Indeed. I find that a 'remote backup of local data' which allows global access to that data is easily achieved with rsync.

Assuming Linux CLIENTS

For 'within these walls' services I simply have a file server running NFS and samba which covers all the bases.

And its own internal backup policy and a nice minidnla server to export videos.

Reply to
The Natural Philosopher

OK - tell me one that works well with Android, Chromebooks with a semi-connected internet?

Because that's what I want.

And I have not found any.

SMB - no chance NFS - not the slightest bit suitable OpenAFS - the right logic is there but no client support

Most of the cloud-fs solutions seem to hang around WebDAV - but probably augmented with update hints to aid caching and push delivery of updates.

It is a specialist network filesystem - that is for sure.
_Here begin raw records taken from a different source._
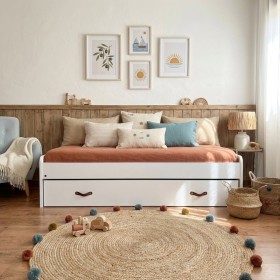 White trundle bed + pull out bed with legs Luca 90x190cm / 90x190cm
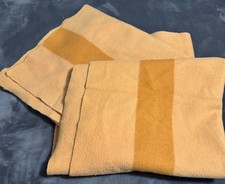Vtg Hudson’s Bay 4 Point Wool Blanket Harvest Gold England 1970s HBC 70 x 90 picture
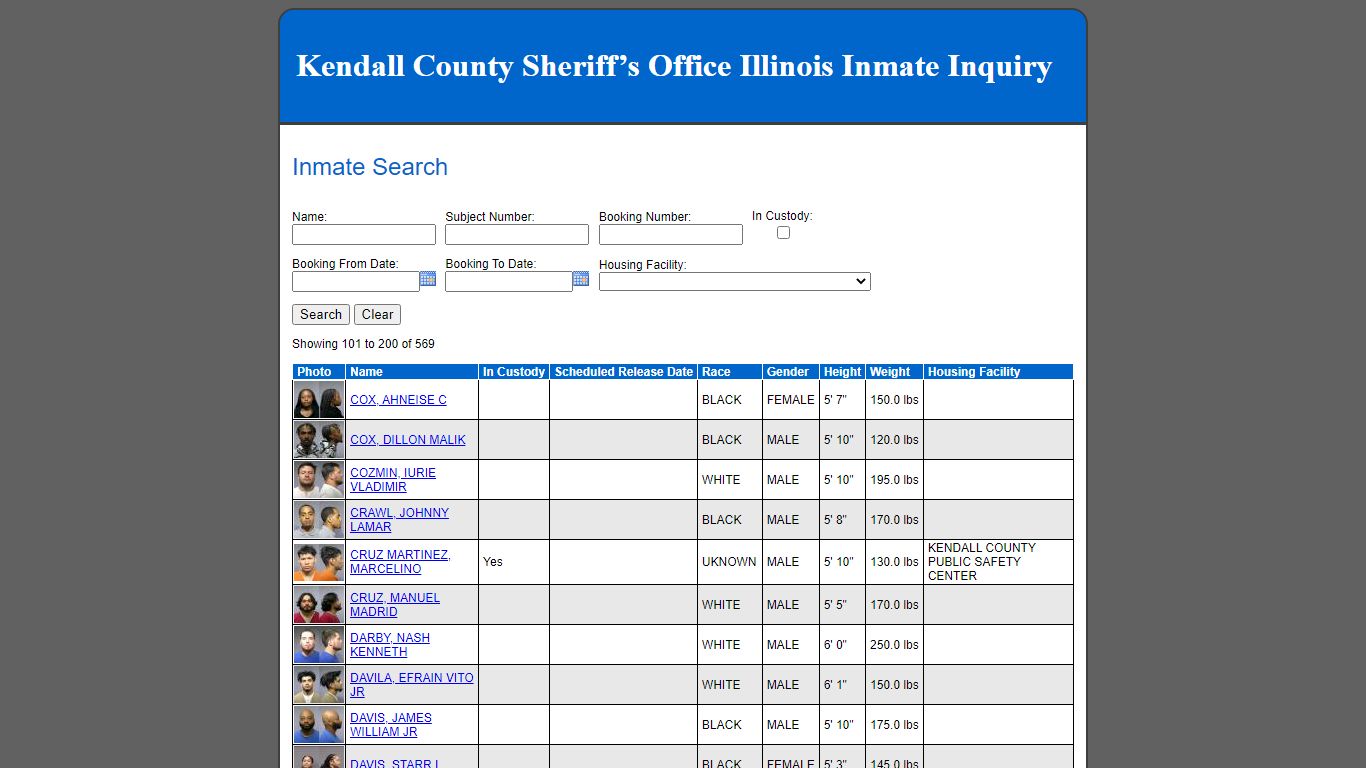 Kendall County Sheriff’s Office Illinois Inmate Inquiry - Inmate Search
It strikes me as strange that there are 101 commercial suppliers (Dropbox, Google, Evernote, Spideroak...) and yet no one has come up with a nice well defined open protocol that addresses replication and syncing.

Reply to
Tim Watts

And that does not meet my criteria.

It's kind of what I do with a laptop - but with Unison rather than rsync.

But when you have TBs of data (many media files - mostly photos) you will never be able to sync that 100% to random devices - they simply don't have the storage.

Reply to
Tim Watts

Not quite sure what your need is, but for some reason I've remembered that it's possible to run a single RAID across many devices under mdadm ... never done it, but would that help ?

Reply to
Jethro_uk

What about something like git or subversion? *Subversion* uses a WebDAV-based protocol for svn-over-http(s).

What is sounds like is that you are looking for is something like subversion's WebDAV-based protocol. The bits and pieces are there. WebDAV is reasonably well documented. Subversion is open source, so one can have a look at what it does.

As others have said, programs like rsync seem to cover the bases that Linux

*Developers* are interested in. I suspect that few of the Linux *developers* are interested in yet another pointy-clicky 'toy'. *I* certainly have no interest in such a toy. OTOH, I have dial-up Internet access at home, so any sort of 'Cloud' services are pretty much not much use to me. Subversion (or git) are about the most I can deal with.
Reply to
Robert Heller

Both my Kindle and Android have no problem with Samba shares over wireless.

Reply to
Dan Espen

No. The clients include Android with tiny local storage.

I'll restate the requirements:

1) Central server;

2) Internet access;

3) Android and Chromebook clients with local caching (like Google Drive)

4) Linux client (obviously)

=======

It's not actually outlandish. If it were, there would not be a load of companies doing it. In fact it is a very well defined problem.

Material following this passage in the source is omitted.